* Exercise requirements:
Output, exactly and with no pictures, the line that contains "5530 Sw 8th" and every line that comes after it in the data below, the last one included.

Records from a data source
====
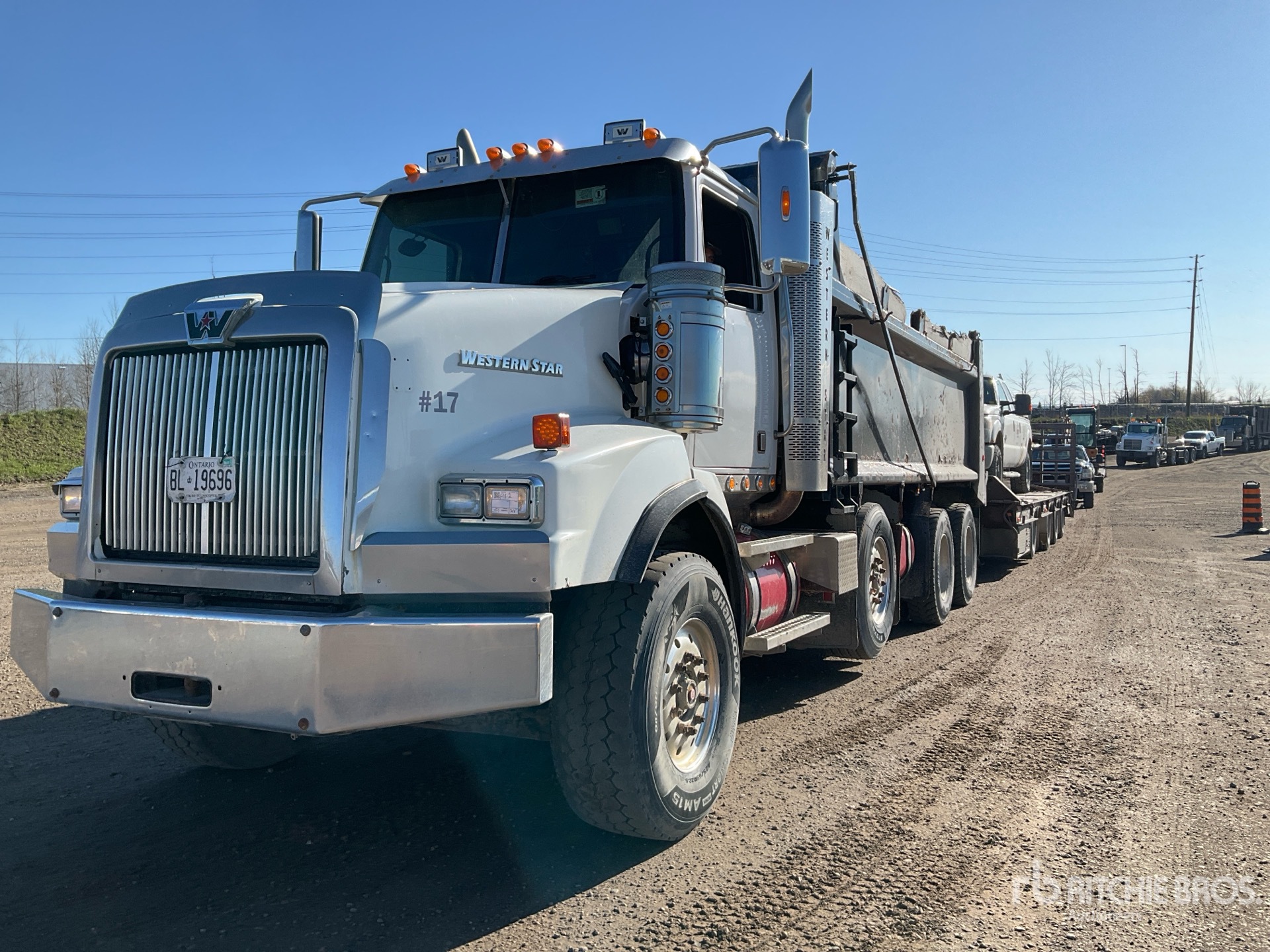 Photo of a 2009 Western Star 4900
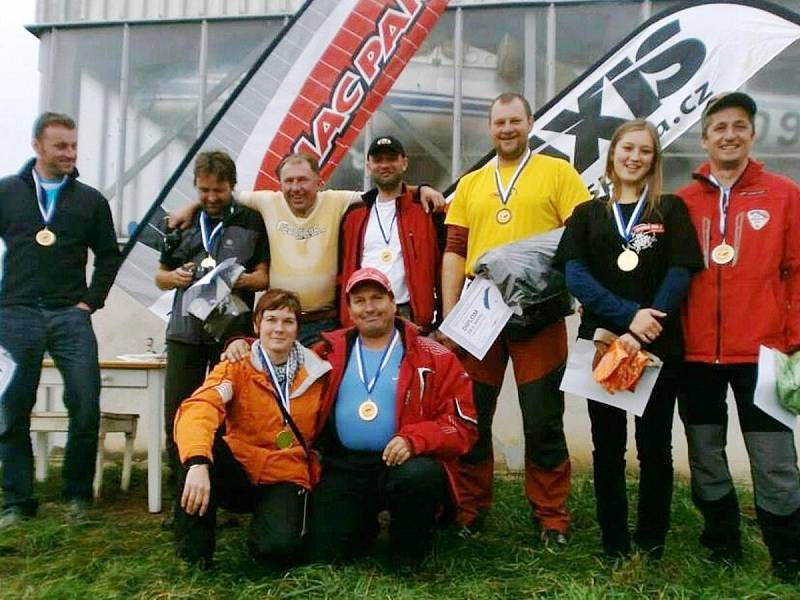 Tandemový pilot Radek John z Železné Rudy. 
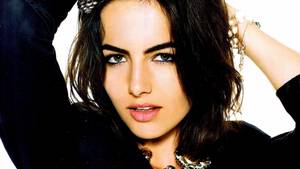 Camilla Belle Fucking - Camilla Belle HD Wallpaper 1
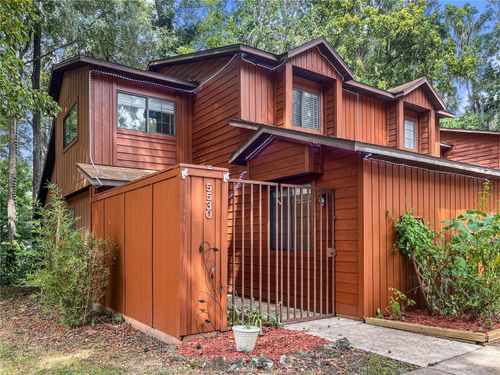 5530 Sw 8th Pl, GAINESVILLE, FL, 32607-3840 | Card Image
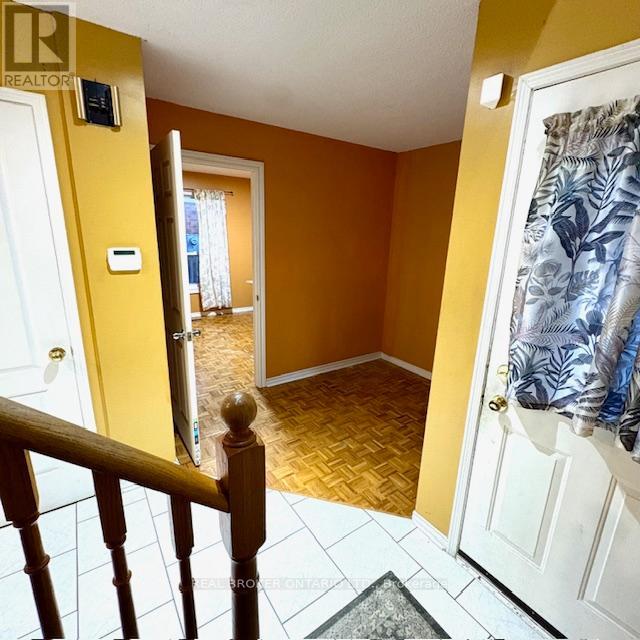 63 Acadian Heights, Brampton, Ontario  L6Y 4H3 - Photo 5 - W12602330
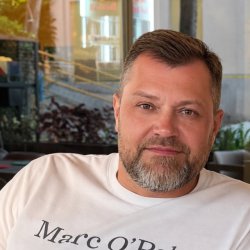 Александр
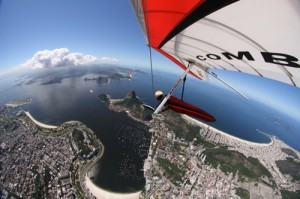 Hang gliding over Rio de Janeiro. Photo: Nene Rotor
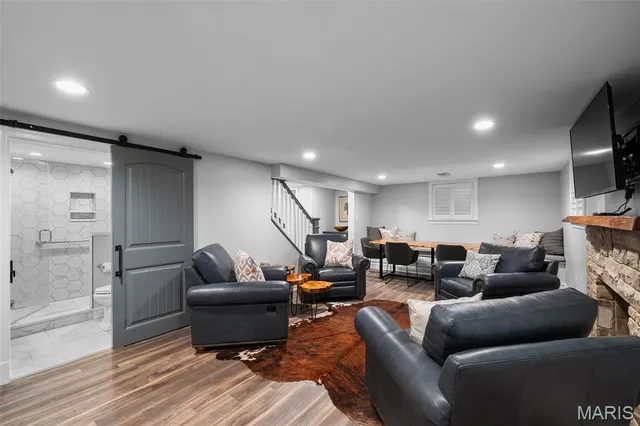 $799,900 | 907 North Taylor Avenue, St. Louis, MO 63122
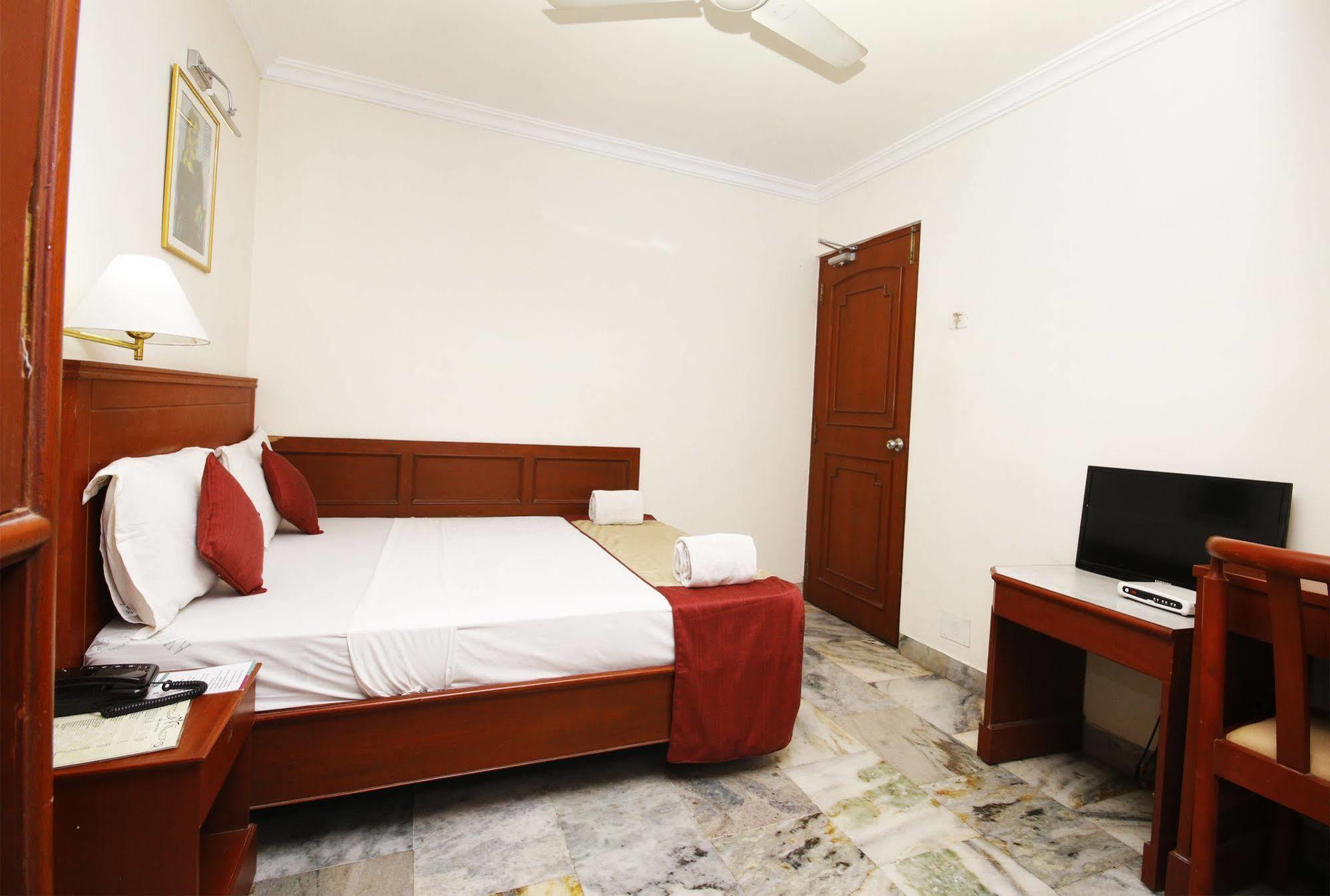Hotel Aiswarya Kochi Extérieur photo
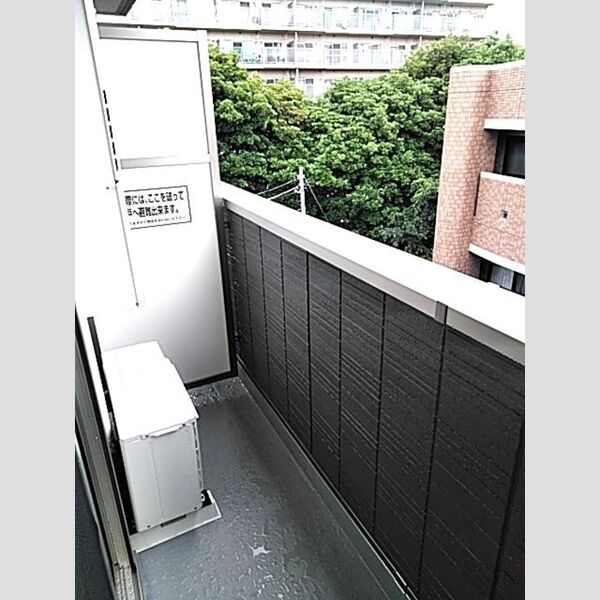 エタニティー東船橋 バルコニー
====
* Answer space:
 5530 Sw 8th Pl, GAINESVILLE, FL, 32607-3840 | Card Image
 63 Acadian Heights, Brampton, Ontario  L6Y 4H3 - Photo 5 - W12602330
 Александр
 Hang gliding over Rio de Janeiro. Photo: Nene Rotor
 $799,900 | 907 North Taylor Avenue, St. Louis, MO 63122
Hotel Aiswarya Kochi Extérieur photo
 エタニティー東船橋 バルコニー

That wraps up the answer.